The question is a little bit too general in its present form to get a useful result. Nevertheless, with some slight restrictions we can get a useful general form for the asymptotic distribution using the delta method. To do this, let's assume that the underlying distribution for the data has a finite mean $\mu$ and finite variance $\sigma^2$. This allows us to apply the central limit theorem to get the asymptotic distribution $\bar{X}_n \sim \text{N}(\mu, \sigma^2/n)$, which means that $\bar{X}_n \rightarrow \mu$ as $n \rightarrow \infty$. Since the sample mean gets closer and closer to the true mean in the limit, we can see that the asymptotic distribution of $g(\bar{X}_n)$ will be fully determined by the local behaviour of the function $g$ in a neighbourhood of the point $\mu$.
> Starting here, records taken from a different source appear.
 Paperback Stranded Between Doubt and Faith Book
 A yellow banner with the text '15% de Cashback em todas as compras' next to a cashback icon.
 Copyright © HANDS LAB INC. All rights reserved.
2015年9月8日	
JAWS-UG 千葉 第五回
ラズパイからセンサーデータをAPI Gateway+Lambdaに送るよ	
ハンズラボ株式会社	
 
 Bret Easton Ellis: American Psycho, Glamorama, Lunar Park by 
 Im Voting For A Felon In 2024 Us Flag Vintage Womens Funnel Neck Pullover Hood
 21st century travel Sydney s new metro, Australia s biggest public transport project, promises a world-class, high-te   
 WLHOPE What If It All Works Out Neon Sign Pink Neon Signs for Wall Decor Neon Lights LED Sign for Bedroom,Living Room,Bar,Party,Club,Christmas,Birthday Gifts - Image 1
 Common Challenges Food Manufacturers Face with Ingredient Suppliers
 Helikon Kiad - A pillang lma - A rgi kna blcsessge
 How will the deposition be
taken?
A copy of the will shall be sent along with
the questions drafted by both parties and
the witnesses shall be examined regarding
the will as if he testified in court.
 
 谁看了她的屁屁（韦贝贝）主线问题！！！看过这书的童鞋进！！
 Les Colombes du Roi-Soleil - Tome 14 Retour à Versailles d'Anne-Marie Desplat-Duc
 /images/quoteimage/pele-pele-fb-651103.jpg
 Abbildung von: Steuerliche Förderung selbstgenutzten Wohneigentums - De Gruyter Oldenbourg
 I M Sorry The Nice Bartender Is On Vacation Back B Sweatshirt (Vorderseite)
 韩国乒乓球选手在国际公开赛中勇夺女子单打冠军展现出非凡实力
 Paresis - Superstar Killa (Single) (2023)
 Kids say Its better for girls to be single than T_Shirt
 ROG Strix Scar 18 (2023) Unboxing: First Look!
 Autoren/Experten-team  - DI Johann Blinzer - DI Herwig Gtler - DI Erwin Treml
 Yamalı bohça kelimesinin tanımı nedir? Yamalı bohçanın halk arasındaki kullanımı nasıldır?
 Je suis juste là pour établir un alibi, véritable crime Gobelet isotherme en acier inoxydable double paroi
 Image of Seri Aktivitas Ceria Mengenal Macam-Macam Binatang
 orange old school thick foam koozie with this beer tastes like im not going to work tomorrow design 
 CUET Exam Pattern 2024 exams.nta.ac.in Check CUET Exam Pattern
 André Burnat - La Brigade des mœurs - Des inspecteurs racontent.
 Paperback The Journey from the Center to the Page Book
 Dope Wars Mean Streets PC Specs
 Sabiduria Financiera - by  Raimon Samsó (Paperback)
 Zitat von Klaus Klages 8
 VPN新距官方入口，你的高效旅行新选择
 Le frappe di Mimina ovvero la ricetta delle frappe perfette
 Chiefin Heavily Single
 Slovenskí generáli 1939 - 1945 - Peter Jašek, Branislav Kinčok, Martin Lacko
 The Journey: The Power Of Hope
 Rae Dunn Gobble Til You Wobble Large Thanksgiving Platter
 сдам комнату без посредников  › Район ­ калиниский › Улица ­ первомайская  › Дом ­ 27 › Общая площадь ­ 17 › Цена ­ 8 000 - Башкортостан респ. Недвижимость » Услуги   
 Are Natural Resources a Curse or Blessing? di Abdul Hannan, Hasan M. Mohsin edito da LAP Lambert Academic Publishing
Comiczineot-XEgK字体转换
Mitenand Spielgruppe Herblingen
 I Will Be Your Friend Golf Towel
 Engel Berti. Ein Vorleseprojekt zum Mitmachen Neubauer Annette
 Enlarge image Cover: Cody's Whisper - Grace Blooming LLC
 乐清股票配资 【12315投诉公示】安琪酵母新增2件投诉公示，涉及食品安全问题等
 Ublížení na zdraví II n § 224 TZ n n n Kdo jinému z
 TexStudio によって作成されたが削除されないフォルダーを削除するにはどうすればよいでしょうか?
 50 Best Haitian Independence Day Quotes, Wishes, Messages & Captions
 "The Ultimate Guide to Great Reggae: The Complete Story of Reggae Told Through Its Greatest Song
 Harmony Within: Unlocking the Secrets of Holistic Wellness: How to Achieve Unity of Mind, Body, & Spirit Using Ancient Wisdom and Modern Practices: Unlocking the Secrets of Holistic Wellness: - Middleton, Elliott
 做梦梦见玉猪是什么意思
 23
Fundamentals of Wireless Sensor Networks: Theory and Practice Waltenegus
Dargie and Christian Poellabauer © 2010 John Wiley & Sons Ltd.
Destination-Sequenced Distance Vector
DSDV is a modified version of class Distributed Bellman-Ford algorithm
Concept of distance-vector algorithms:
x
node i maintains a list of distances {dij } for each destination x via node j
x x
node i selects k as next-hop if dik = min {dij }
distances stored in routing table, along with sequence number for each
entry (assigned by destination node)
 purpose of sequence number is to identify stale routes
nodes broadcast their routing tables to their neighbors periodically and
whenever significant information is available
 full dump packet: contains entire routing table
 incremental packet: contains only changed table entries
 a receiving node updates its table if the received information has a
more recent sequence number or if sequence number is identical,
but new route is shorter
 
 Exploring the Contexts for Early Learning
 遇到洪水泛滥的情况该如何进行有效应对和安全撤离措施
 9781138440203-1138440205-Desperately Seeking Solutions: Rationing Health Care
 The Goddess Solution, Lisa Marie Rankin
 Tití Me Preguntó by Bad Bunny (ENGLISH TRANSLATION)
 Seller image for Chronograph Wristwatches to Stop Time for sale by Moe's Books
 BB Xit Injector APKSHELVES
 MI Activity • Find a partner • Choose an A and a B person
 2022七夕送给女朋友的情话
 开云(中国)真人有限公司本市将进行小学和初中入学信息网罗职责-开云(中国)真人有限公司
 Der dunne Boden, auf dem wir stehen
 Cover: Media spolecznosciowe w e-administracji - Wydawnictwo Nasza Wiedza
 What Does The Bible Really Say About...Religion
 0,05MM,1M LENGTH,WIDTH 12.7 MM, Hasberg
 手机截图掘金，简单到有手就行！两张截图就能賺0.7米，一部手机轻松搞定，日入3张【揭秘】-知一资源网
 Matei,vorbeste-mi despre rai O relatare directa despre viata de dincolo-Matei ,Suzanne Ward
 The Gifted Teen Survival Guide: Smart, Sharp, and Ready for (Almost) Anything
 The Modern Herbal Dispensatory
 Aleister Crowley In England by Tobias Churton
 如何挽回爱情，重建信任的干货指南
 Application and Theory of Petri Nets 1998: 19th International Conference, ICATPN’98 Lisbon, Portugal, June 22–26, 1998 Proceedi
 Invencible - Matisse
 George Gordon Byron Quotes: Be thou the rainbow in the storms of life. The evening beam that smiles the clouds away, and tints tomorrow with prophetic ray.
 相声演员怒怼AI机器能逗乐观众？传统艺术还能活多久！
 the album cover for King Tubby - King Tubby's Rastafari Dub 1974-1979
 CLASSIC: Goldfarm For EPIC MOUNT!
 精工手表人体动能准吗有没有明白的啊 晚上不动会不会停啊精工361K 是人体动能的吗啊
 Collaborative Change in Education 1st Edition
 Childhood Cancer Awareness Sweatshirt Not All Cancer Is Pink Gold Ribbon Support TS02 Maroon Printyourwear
To proceed further, let's make some mild assumptions about this local behaviour. Specifically, we will reduce the scope of the allowable functions by assuming that $g$ is an analytic function at $\mu$ (i.e., the function $g$ is infinitely differentiable at this point and it is representable by its Taylor series representation at this point). Thus, for all points $x$ in a neighbourhood of $\mu$ we can write the function $g$ as:
$$g(x) = g(\mu) + \sum_{k=1}^\infty \frac{g^{(k)}(\mu)}{k!} \cdot (x-\mu)^k.$$
The asymptotic distribution depends on which derivatives of the function are zero at the point $\mu$. Without loss of generality, let $K = \min \{ k = 1,2,3,... | g^{(k)}(\mu) \neq 0 \}$ denote the order of the first non-zero derivative of the function at the mean of the random variable under analysis, which means we have $g^{(1)}(\mu) = \cdots = g^{(K-1)}(\mu) = 0$. To facilitate our analysis we also define the standardised sample mean $Z_n \equiv \sqrt{n} (\bar{X}_n-\mu)/\sigma$. We can now write the Taylor expansion of interest as:
$$\begin{aligned}
g(\bar{X}_n)
&= g(\mu) + \sum_{k=K}^\infty \frac{g^{(k)}(\mu)}{k!} \cdot (\bar{X}_n-\mu)^k \\[6pt]
&= g(\mu) + \sum_{k=K}^\infty \frac{g^{(k)}(\mu)}{k!} \cdot \sigma^k \cdot \frac{Z_n^k}{n^{k/2}}. \\[6pt]
\end{aligned}$$
As we take $n \rightarrow \infty$ we can apply the classical central limit theorem to get the asymptotic distribution $Z_n \sim \text{N}(0,1)$, and so the higher order terms in this expansion will converge to zero much more rapidly than the term of order $K$. The asymptotic distribution of our function at the sample mean will be determined by the $K$th term of the Taylor series:
$$\begin{aligned}
g(\bar{X}_n)
&\sim g(\mu) + \frac{g^{(K)}(\mu)}{K!} \cdot \sigma^K \cdot \frac{Z_n^K}{n^{K/2}}. \\[6pt]
\end{aligned}$$
We can see from this result that the asymptotic distribution is heavily dependent on the order value $K$. If $K=1$ then the asymptotic distribution will be a normal distribution, if $K=2$ then the asymptotic distribution will be a scaled chi-squared distribution, if $K=3$ then the asymptotic distribution is for the scaled version of the cube of a normal random variable (see here for discussion), and so on.